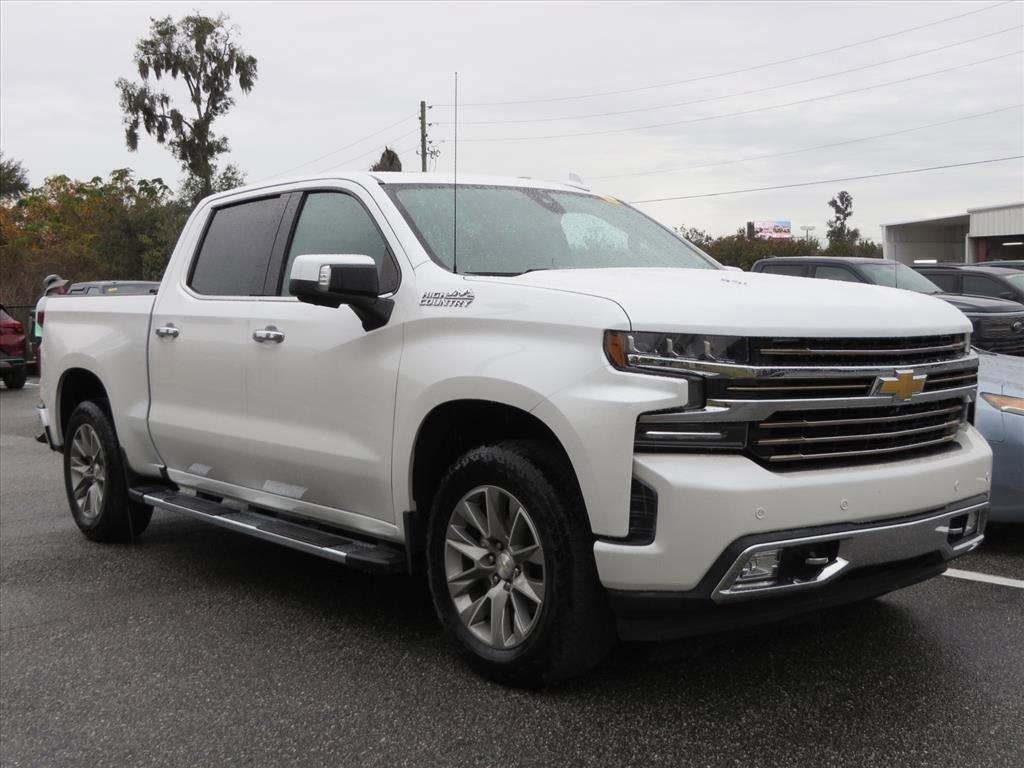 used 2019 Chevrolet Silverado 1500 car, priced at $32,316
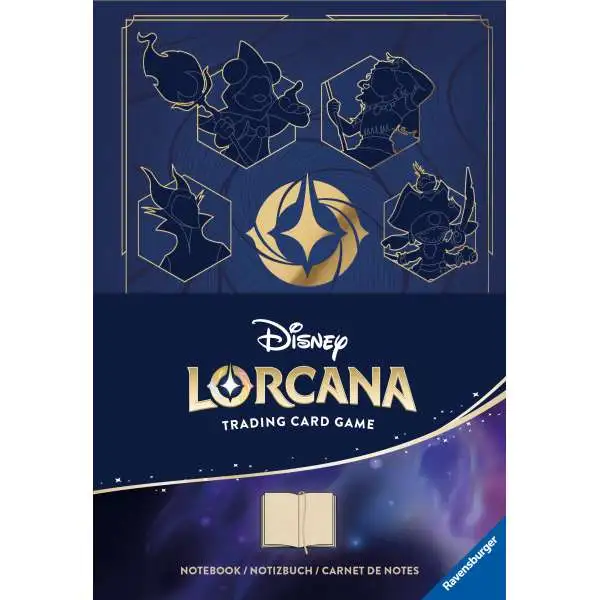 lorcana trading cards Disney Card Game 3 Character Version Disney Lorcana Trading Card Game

◇ ◇ ◇ ◇

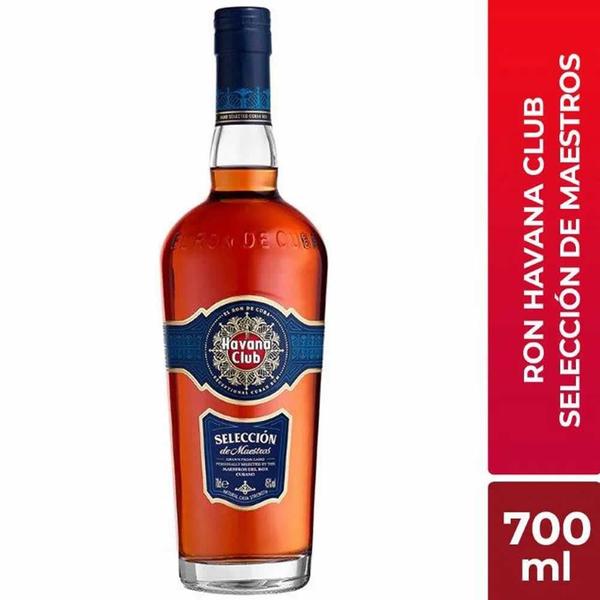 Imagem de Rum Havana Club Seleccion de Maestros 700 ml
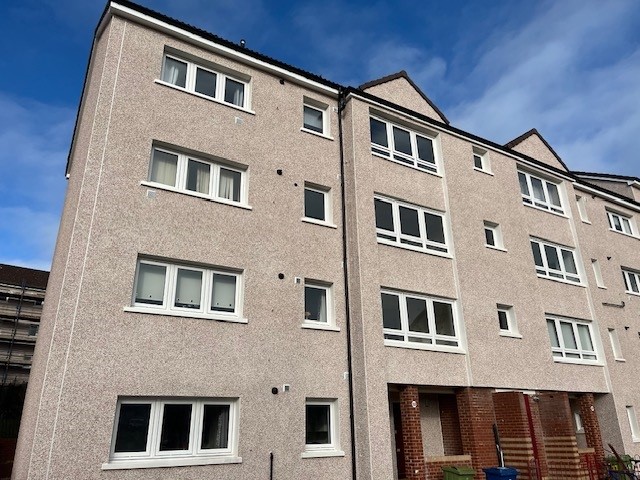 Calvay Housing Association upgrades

◇ ◇ ◇ ◇

- TO DO: Your answer should consist of the lines above between those holding "Imagem de Rum" and "Calvay Housing Association upgrades", inclusive, reproduced word for word and without pictures.

- RESULT FOR THIS EXERCISE:
 Imagem de Rum Havana Club Seleccion de Maestros 700 ml
 Calvay Housing Association upgrades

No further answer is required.